Data to examine:

-- -- --

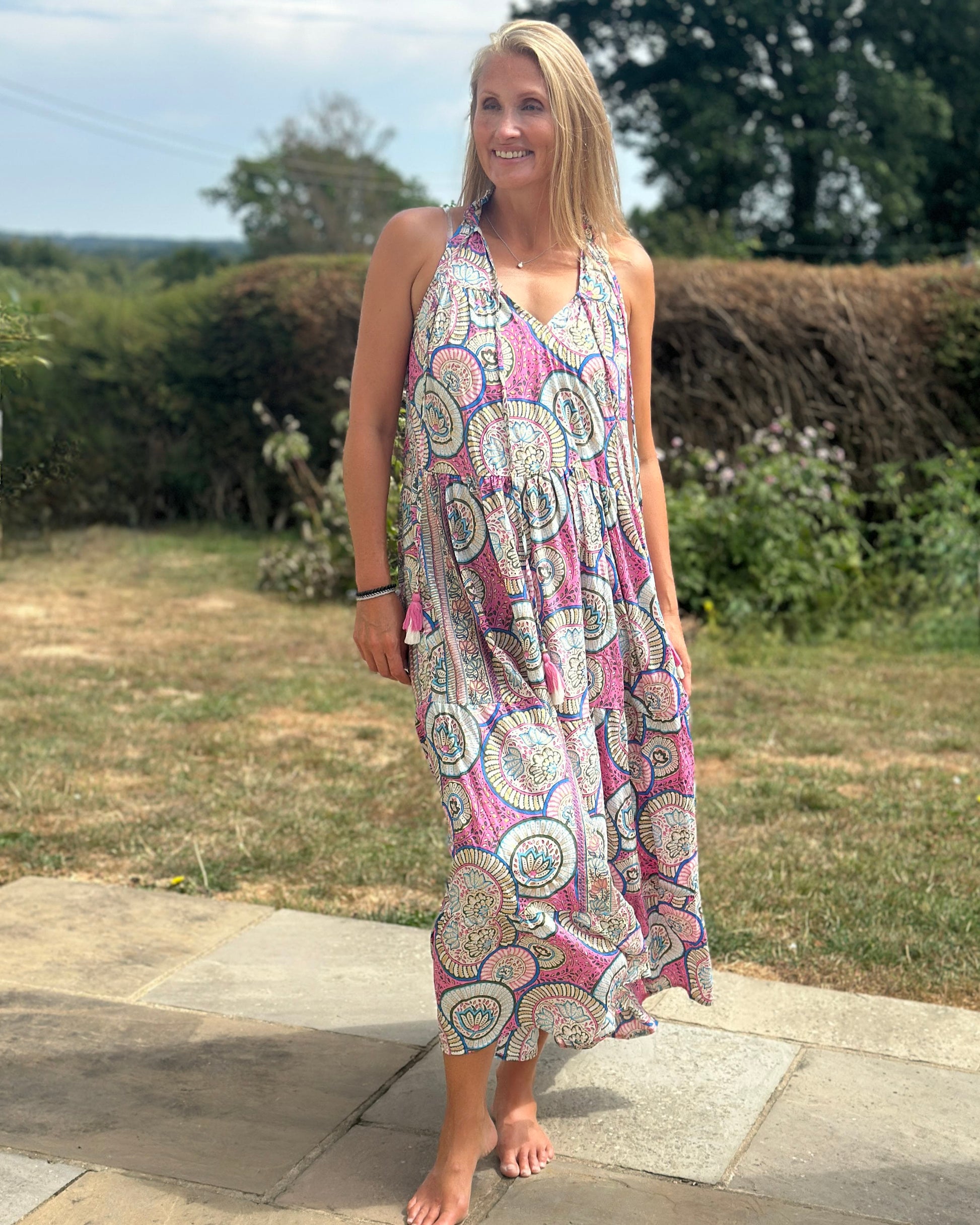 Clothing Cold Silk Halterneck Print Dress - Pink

-- -- --

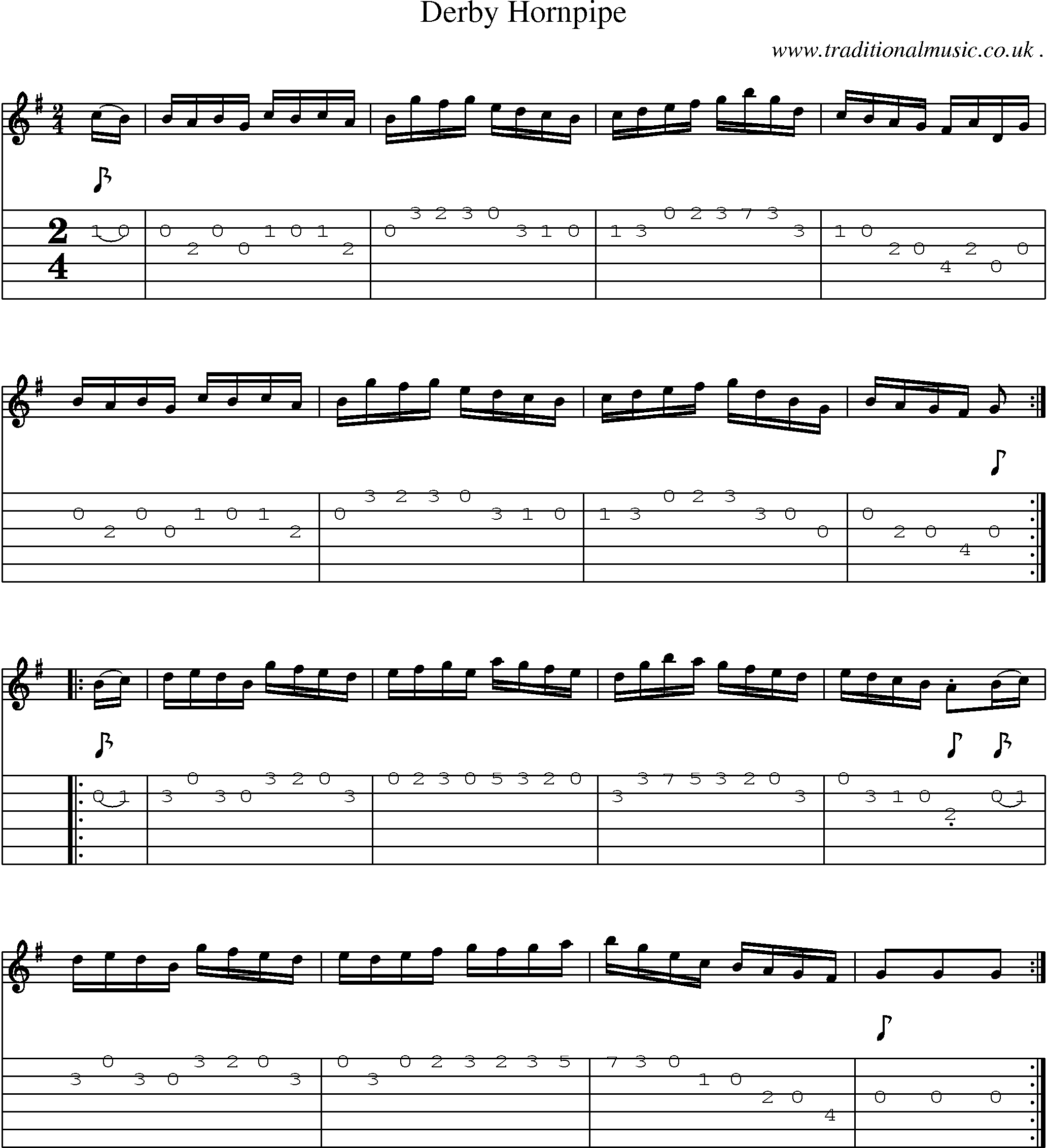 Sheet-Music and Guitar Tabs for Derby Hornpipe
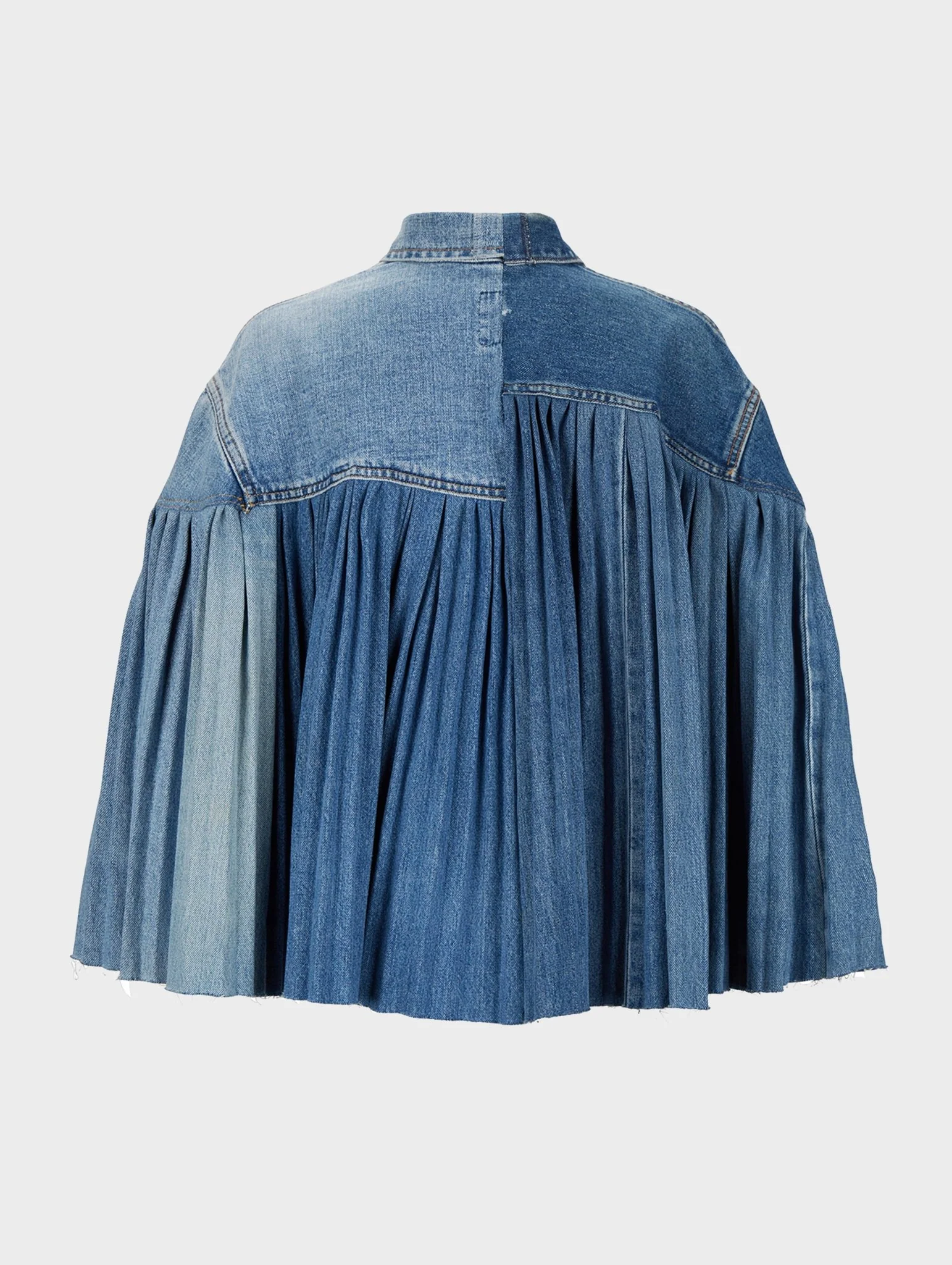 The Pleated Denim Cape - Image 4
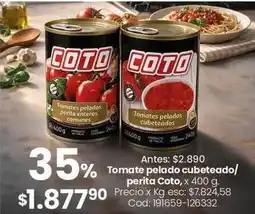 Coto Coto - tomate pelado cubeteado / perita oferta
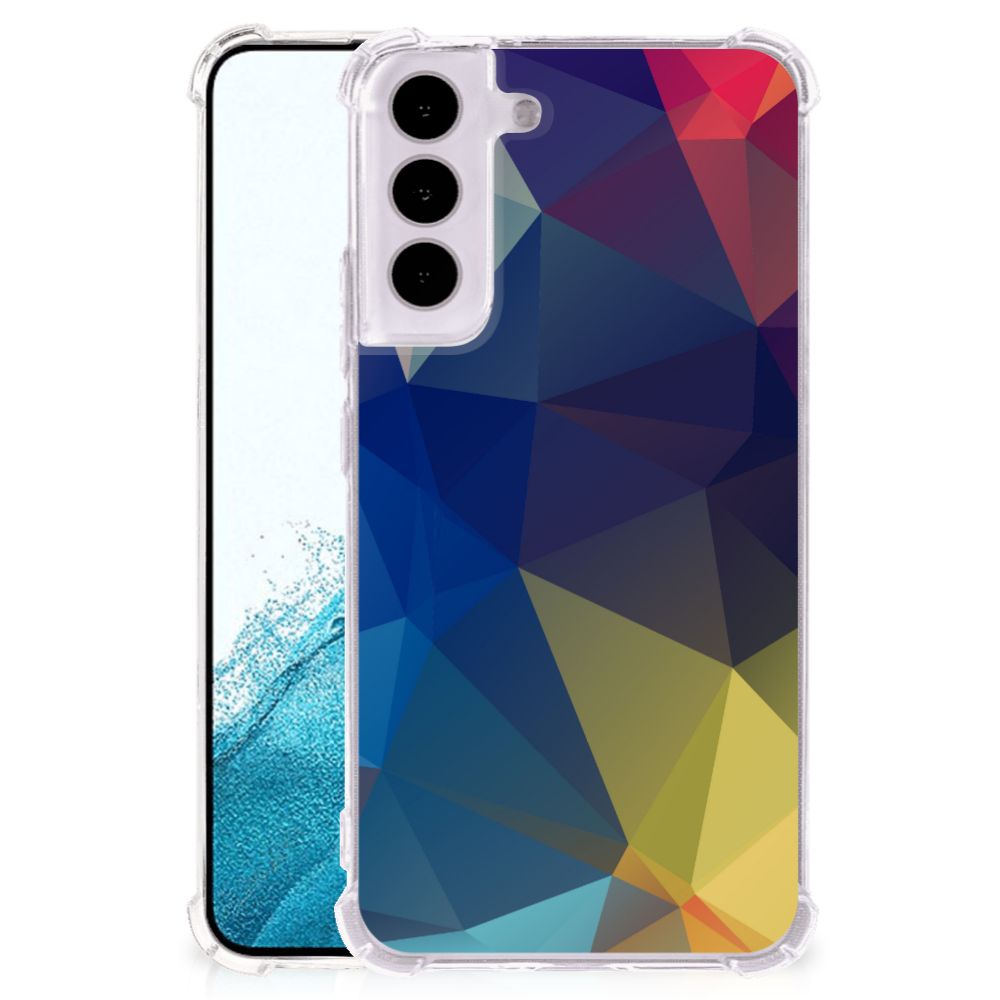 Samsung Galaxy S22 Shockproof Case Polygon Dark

-- -- --

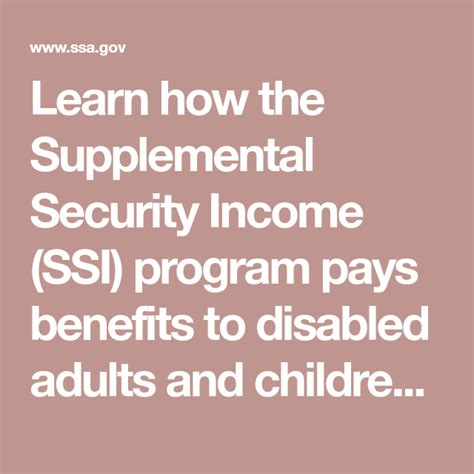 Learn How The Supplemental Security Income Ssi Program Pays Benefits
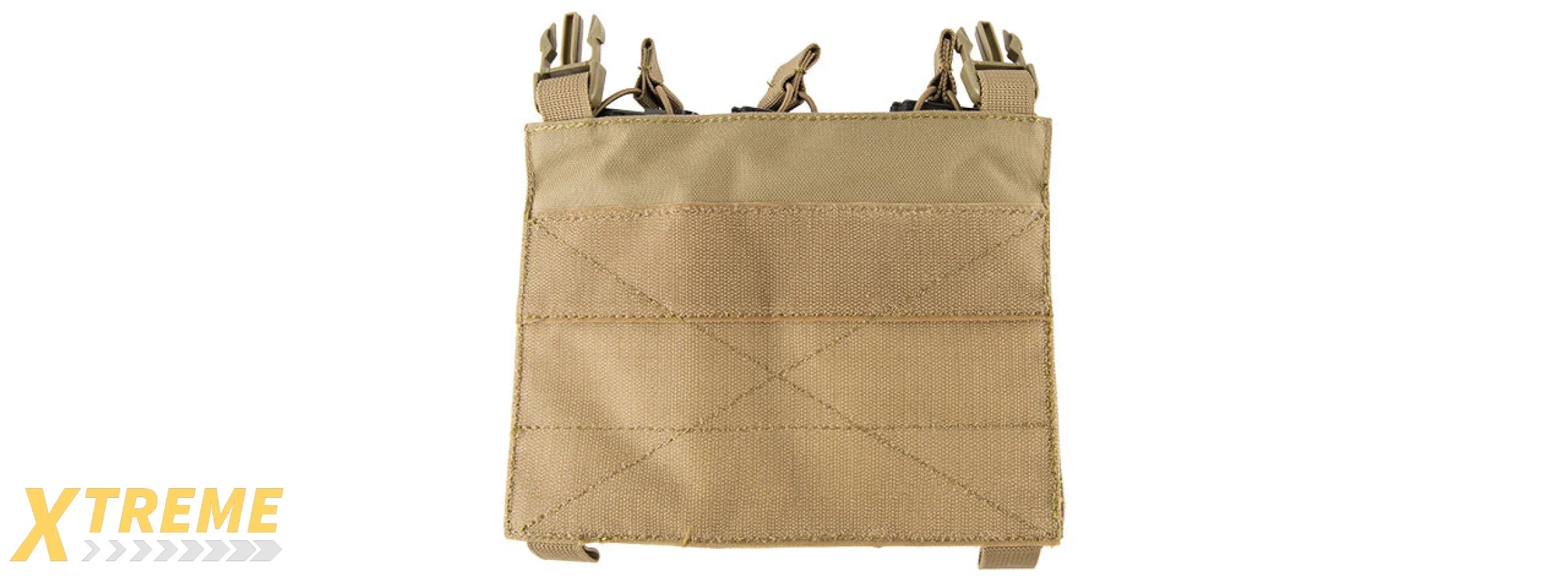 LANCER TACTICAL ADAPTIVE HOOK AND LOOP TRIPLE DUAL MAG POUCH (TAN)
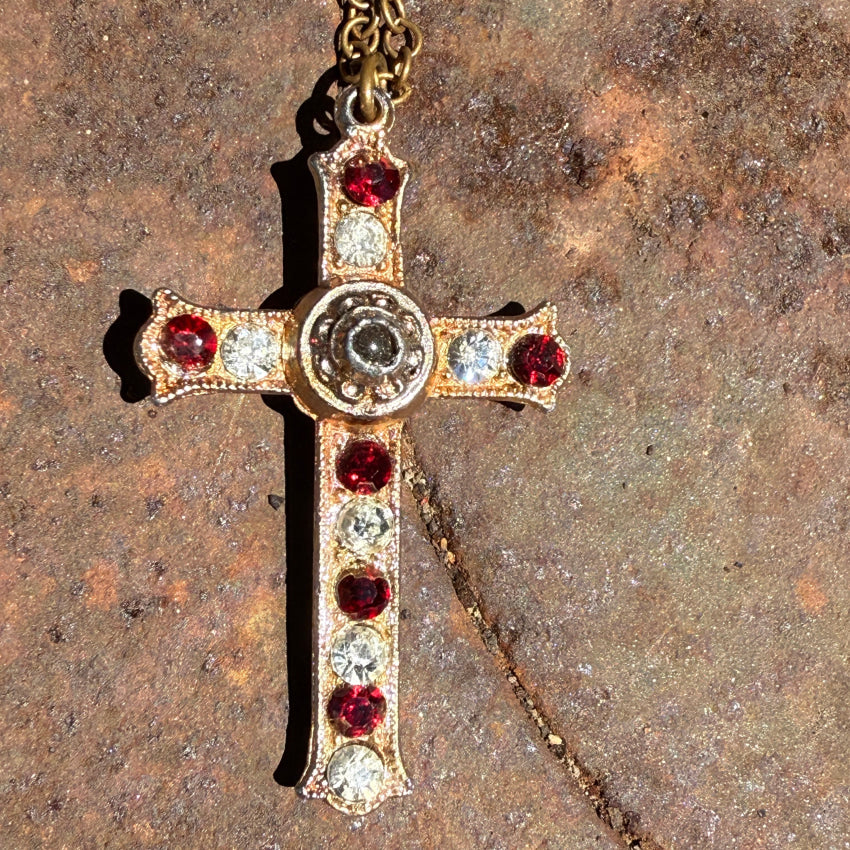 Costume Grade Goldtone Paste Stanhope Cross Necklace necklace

-- -- --

To do:
Here the job is to copy the stretch of records from the line containing "Coto Coto - tomate" through the line containing "Samsung Galaxy S22", word for word. Leave every picture out.

Result of the exercise:
 Coto Coto - tomate pelado cubeteado / perita oferta
 Samsung Galaxy S22 Shockproof Case Polygon Dark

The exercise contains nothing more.